BACKGROUND: Active compression-decompression cardiopulmonary resuscitation (ACD-CPR) utilises a suction cup to lift the chest-wall actively during the decompression phase (AD). We hypothesised that mechanical ACD-CPR (Intervention), with AD up to 30 mm above the sternal resting position, would generate better haemodynamic results than standard mechanical CPR (Control). METHODS: This out-of-hospital adult non-traumatic cardiac arrest trial was prospective, block-randomised and non-blinded. We included intubated patients with capnography recorded during mechanical CPR. Exclusion criteria were pregnancy, prisoners, and prior chest surgery. The primary endpoint was maximum tidal carbon dioxide partial pressure (pMTCO2) and secondary endpoints were oxygen saturation of cerebral tissue (SctO2), invasive arterial blood pressures and CPR-related injuries. Intervention device lifting force performance was categorised as Complete AD (≥30 Newtons) or Incomplete AD (≤10 Newtons). Haemodynamic data, analysed as one measurement for each parameter per ventilation (Observation Unit, OU) with non-linear regression statistics are reported as mean (standard deviation). A two-sided p-value < 0.05 was considered as statistically significant. RESULTS: Of 221 enrolled patients, 210 were deemed eligible (Control 109, Intervention 101). The Control vs. Intervention results showed no significant differences for pMTCO2: 29(17) vs 29(18) mmHg (p = 0.86), blood pressures during compressions: 111(45) vs. 101(68) mmHg (p = 0.93) and decompressions: 21(20) vs. 18(18) mmHg (p = 0.93) or for SctO2%: 55(36) vs. 57(9) (p = 0.42).
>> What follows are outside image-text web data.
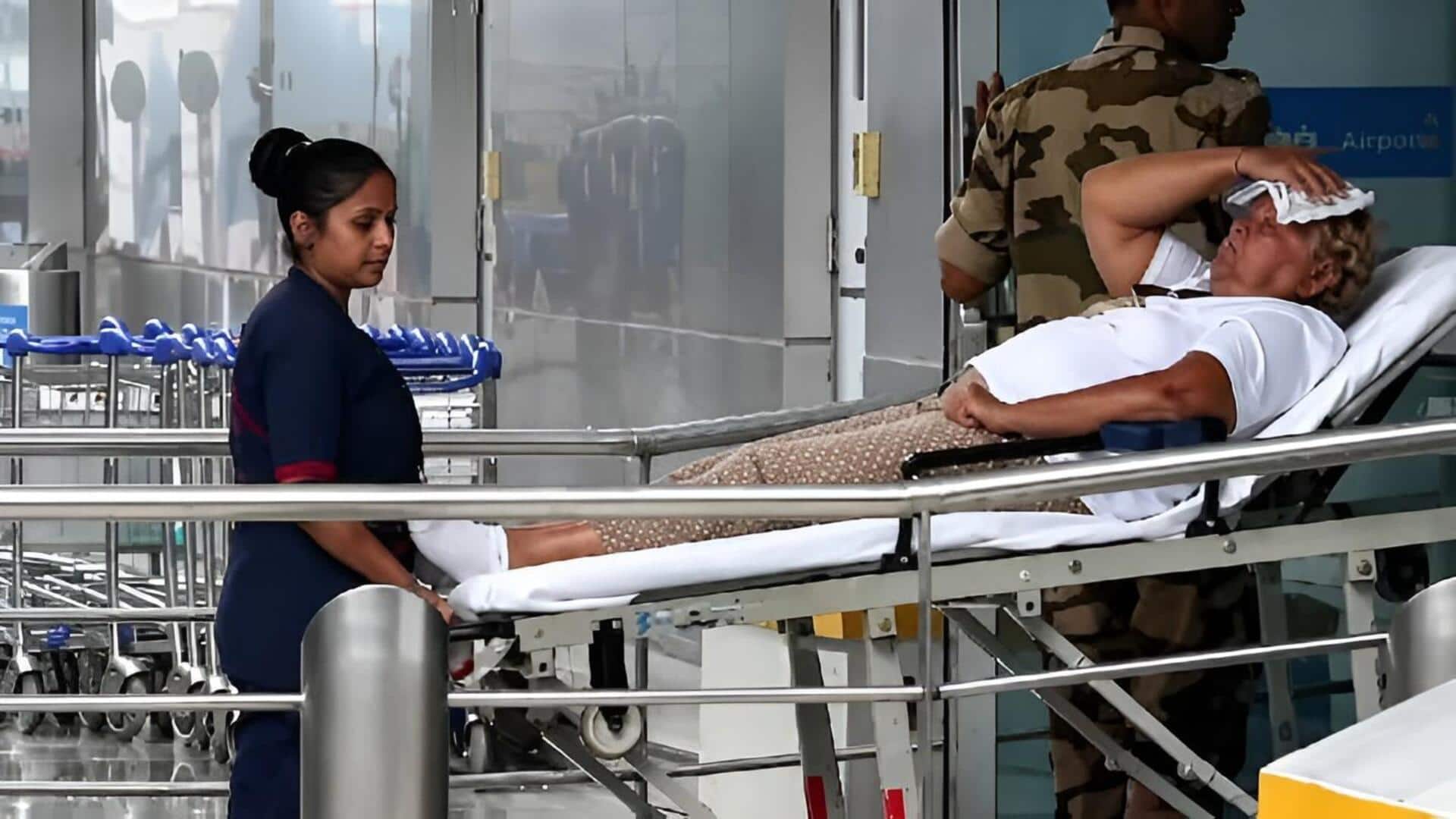 Air India Pilot: ఎయిర్‌ ఇండియా పైలట్‌కు డ్రగ్‌ టెస్ట్‌ పాజిటివ్‌.. లైసెన్స్‌ రద్దవుతుందా?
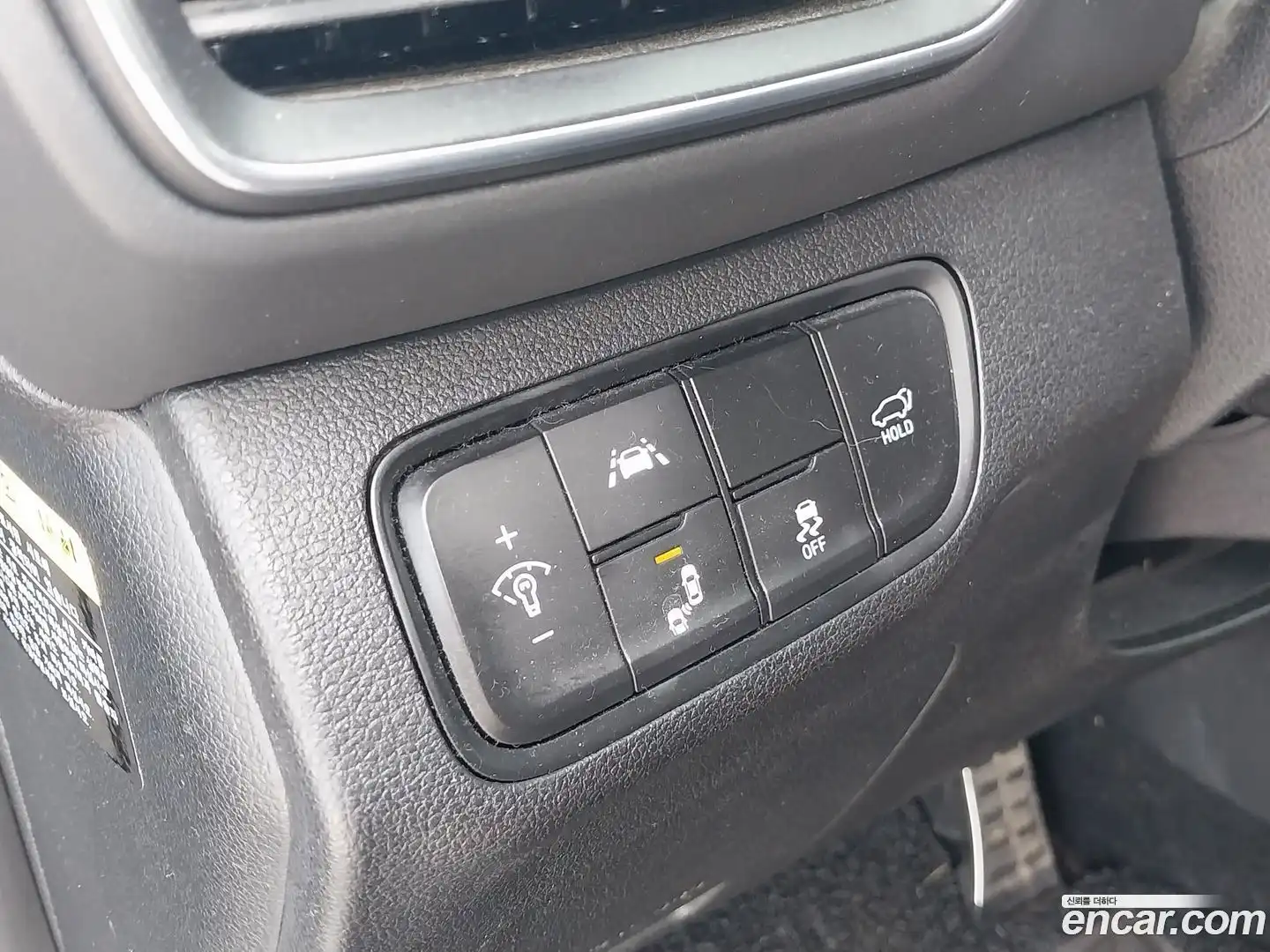 Santafe Hyundai 2018.7-OPTION-019
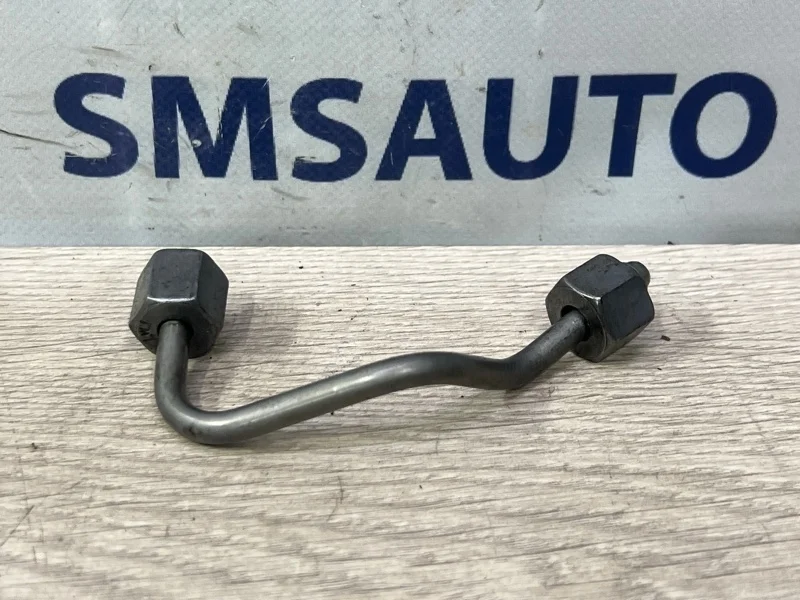 Трубка топливная Mercedes-Benz ML 2012 A6420700800 W166 642.826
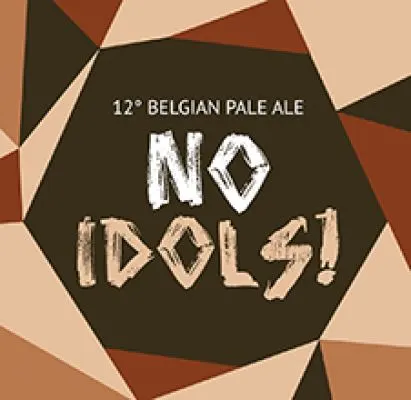 Clock No Idols! Belgian Pale Ale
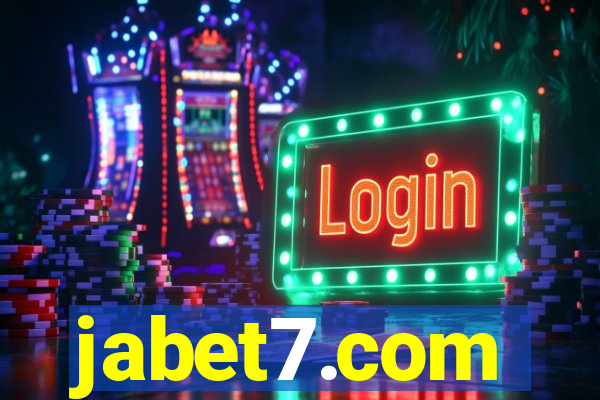 jabet7.com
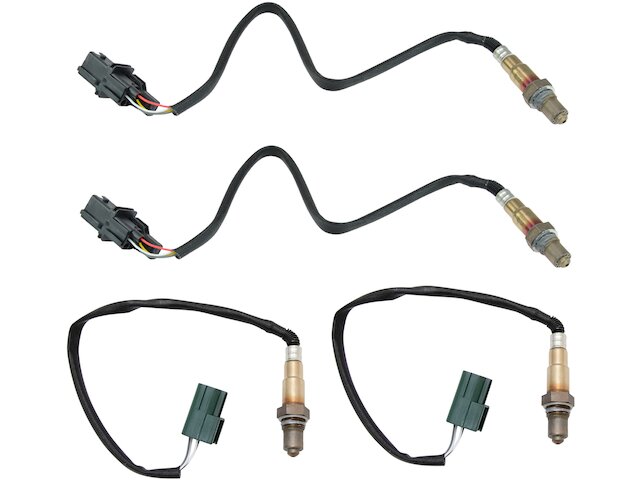 DIY Solutions Oxygen Sensor Set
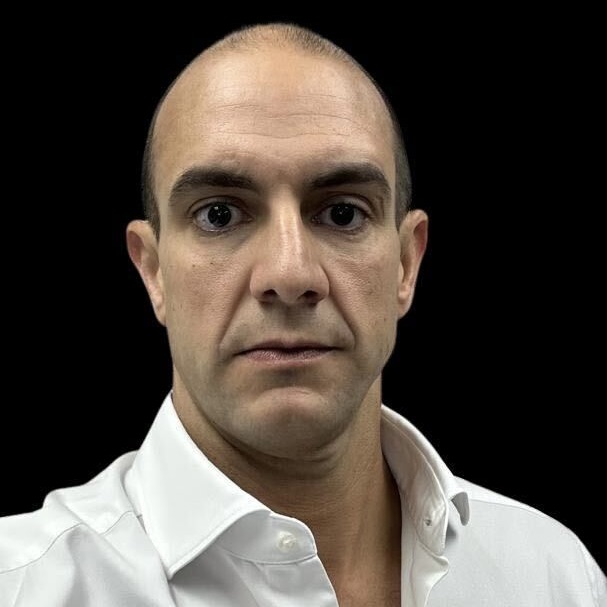 Pablo Eduardo Carrillo Fernandez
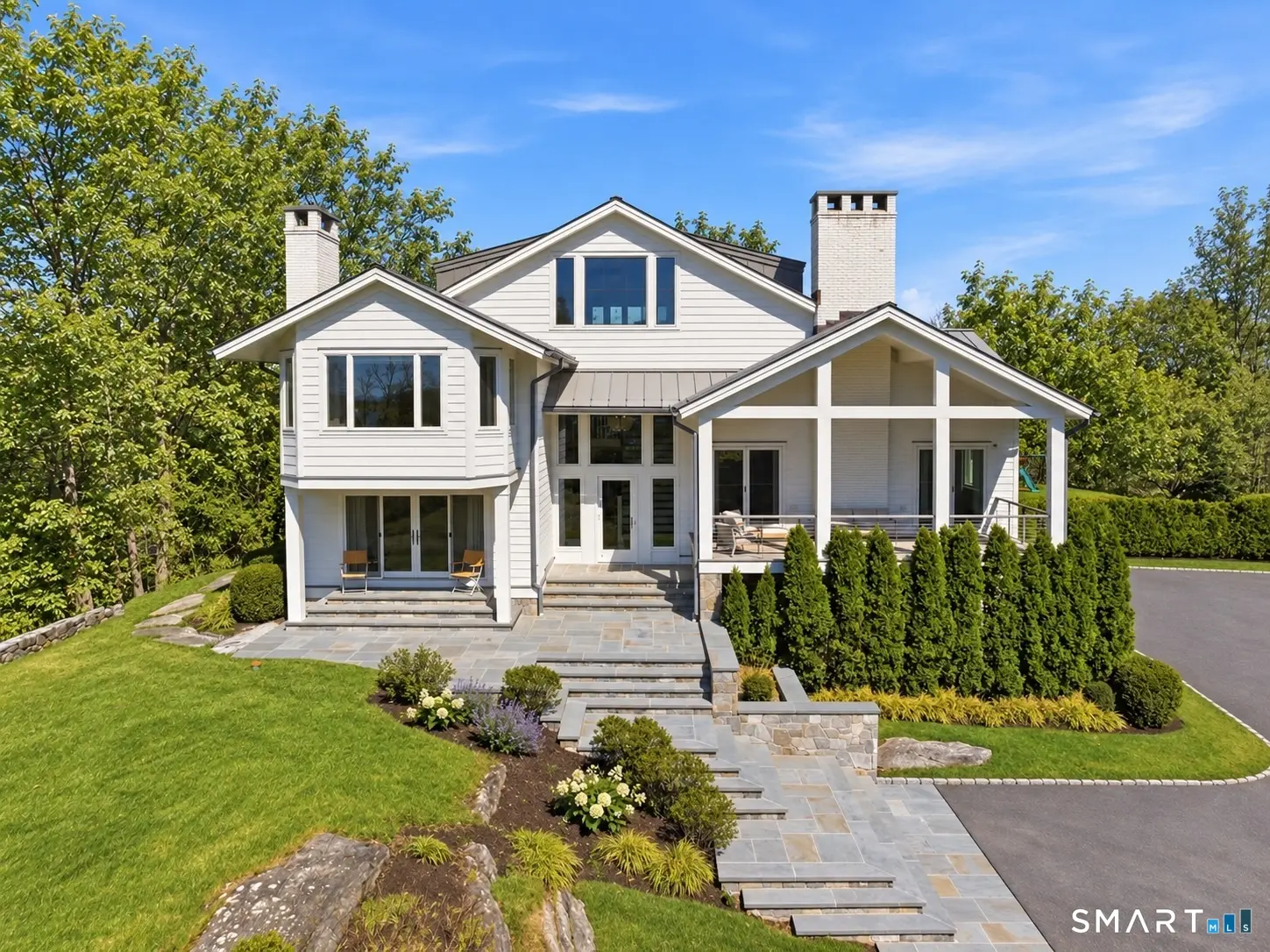 3 Stony Point West, Westport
The 48 patients who received Complete AD in > 50% of their OUs had higher SctO2 than Control patients: 58(11) vs. 55(36)% (p < 0.001). CONCLUSIONS: Mechanical ACD-CPR provided similar haemodynamic results to standard mechanical CPR. The Intervention device did not consistently provide Complete AD. CLINICAL TRIAL REGISTRATION: ClinicalTrials.gov identifier (NCT number): NCT02479152. The Haemodynamic Effects of Mechanical Standard and Active Chest Compression-decompression During Out-of-hospital CPR.